Numerous traditional communities hold secrets to many healthy and scientific ways of cooking; while India’s traditional cooking ware highlight age-old sense of scientific designing, perfect for varied cooking styles. The methods of Indian cooking diversify with even minor changes in culture, climate, geography or staple crops. ”Community cooking” still exists in many parts of India; however, in urban areas it has shrunken to temples and community celebrations. 
Every week an Epoch Times’ reporter in India visits a home-kitchen to enchant you with original, rich flavors from the country.
This week’s flavor comes from the lunch table of Mamta Hemdev, 52,  a traditional Sindhi homemaker from Bangalore. Sindhis were originally the inhabitants of Sindh (now in Pakistan). Many of them migrated to India after the partition of Indian sub-continent into India and Pakistan. Sindhi Cuisine basically consists of thin wheat breads (phulka or roti) with two dishes. Sindhi kitchen has wealth of dishes cooked with rich spices. Here we bring you one:
Methi Aloo (Potato Fenugreek)


1 bunch of Methi (Fenugreek) leaves

1/4th bunch Coriander leaves

4 medium size Potatoes

4 medium size Tomatoes

Curry leaves (if available)

Cumin seeds

1 teaspoon of Red Chili powder

1/4th teaspoon of Turmeric powder

1 tablespoon of Coriander powder

Salt to taste


Wash the mix of Methi and Coriander leaves well, once washed fine cut the mix.

Cut potatoes in D-shape.

Grind the Tomatoes into a thick paste.

Heat 2 tablespoons of oil in a pressure cooker.

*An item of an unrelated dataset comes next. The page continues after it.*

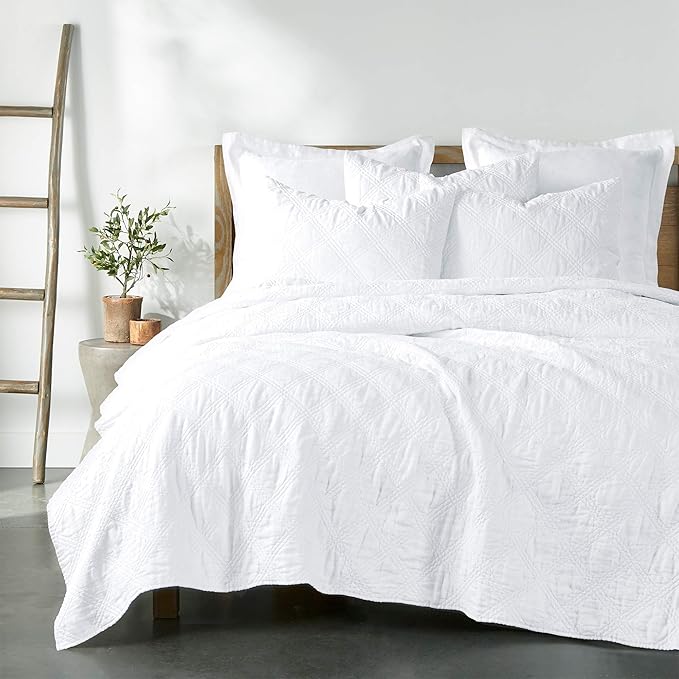 Levtex Home - 100% Linen Front/100% Cotton Back - King Quilt - Washed Linen - White - Quilt Size (106 x 92in.)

Add Cumin seeds and Curry leaves (if available) in the pressure cooker.

Add sliced Potatoes and mix it on flame for a while.

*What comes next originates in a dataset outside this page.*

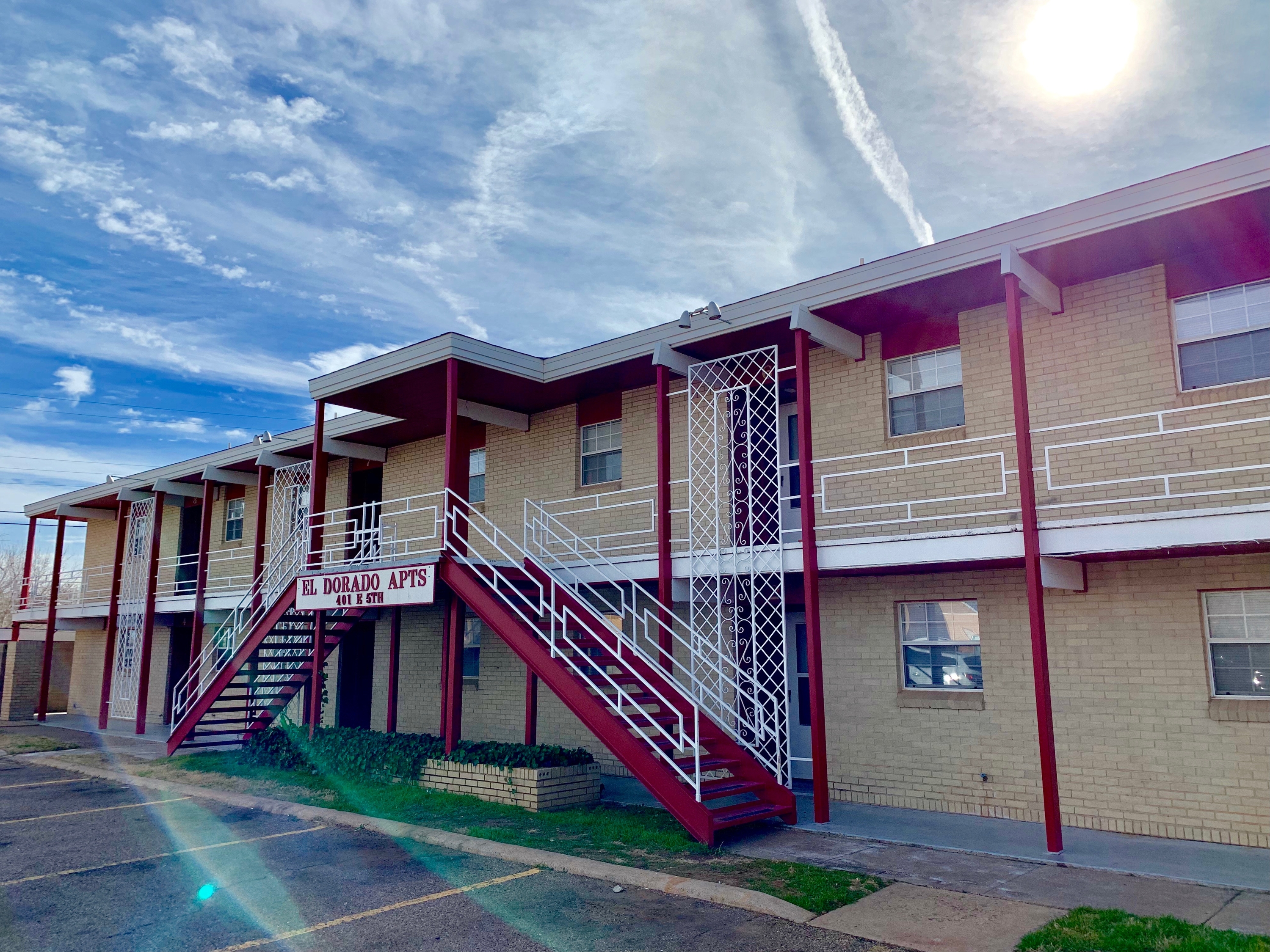 401 E 5th St Apt 2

Then add Chili powder and Turmeric powder and mix it well.

Put the Methi and Coriander leaves and continue stirring.

Add the Tomato paste, Coriander powder and Salt to taste and mix.

Cook till the oil separates out.

Finally add ½ cup of water. Let it cook on pressure cook till 2 whistles are done.

 The dish can be served with rice and chapatti.